Estos últimos días, en Facebook, he ido compartiendo cosas al respecto, porque creo importante que saquemos a la tristeza del armario. Ese tabú del que no gusta hablar, la tristeza que sienten muchas madres en el post-parto, es importante que se visualice, que se hable, que se entienda… para que podamos acompañar las mujeres que se sientan así después de haber tenido a sus hijos. Y no estoy hablando de depresión post-parto, que parece que cualquier mujer que llora después de parir está en depresión y no.

Yo lo he vivido: un sentimiento de mucha felicidad por tener a mis hijas en brazos y a la vez, ganas de llorar. En algún momento ese «no puedo parar de llorar», como si se hubiera abierto el grifo.

Tuve la suerte de tener a gente empática, comprensiva y amorosa a mi lado que me permitían llorar, me entendían y no añadían dolor al que yo ya sentía. Y por ello les estaré siempre agradecida.
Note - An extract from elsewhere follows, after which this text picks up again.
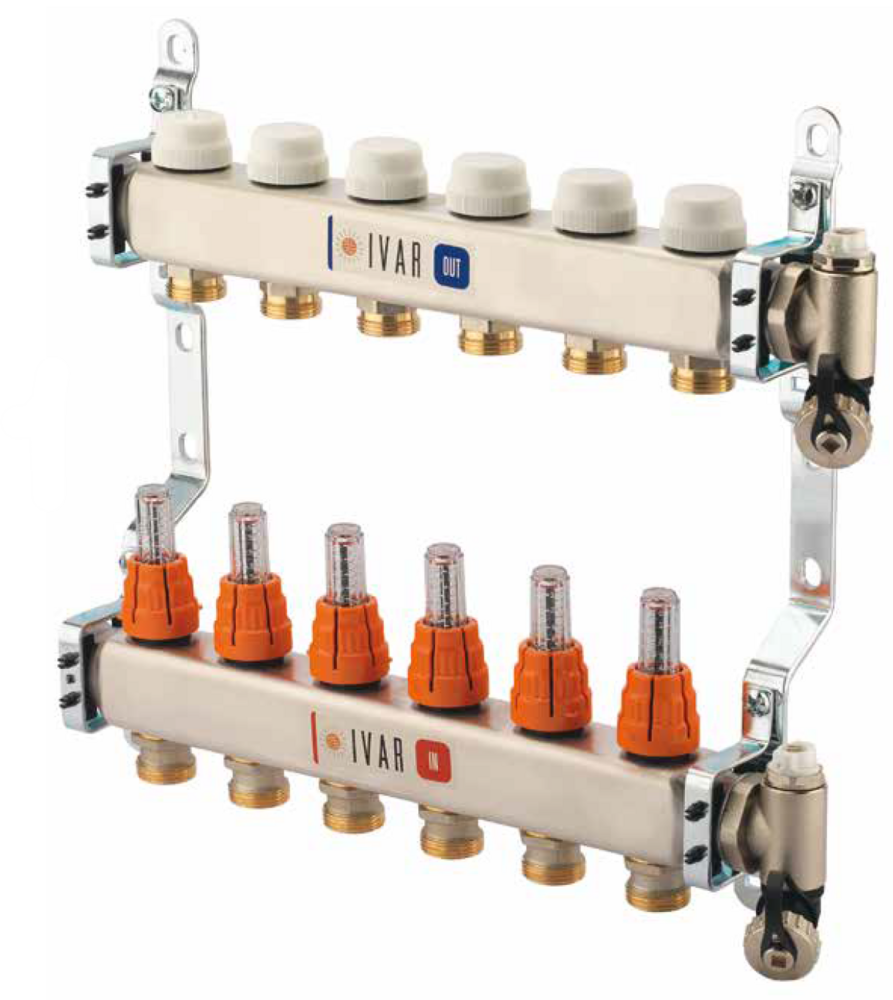 Begetube RVS vloerverwarming Collector 4/4" met 10 kringen EK  Met Debietmeters  261102210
Necesitamos entender que la tristeza es una emoción más que puede aparecer también en los momentos en que se supone que tenemos que estar más felices y que además, es posible que convivan las dos emociones: alegría infinita por nuestro hijo y tristeza. No es incompatible. 

Otras cosas que he grabado o escrito sobre el tema:

 

Textos:

«CUANDO ACABAS DE PARIR Y NO HA SIDO COMO ESPERABAS»

«LAS VISITAS EN EL HOSPITAL»

Y en versión video:

Espero que todo esto te sea de ayuda, tanto si todavía no tienes hijos y un día los quieres, como si ya has pasado por ello. Un abrazo fuerte.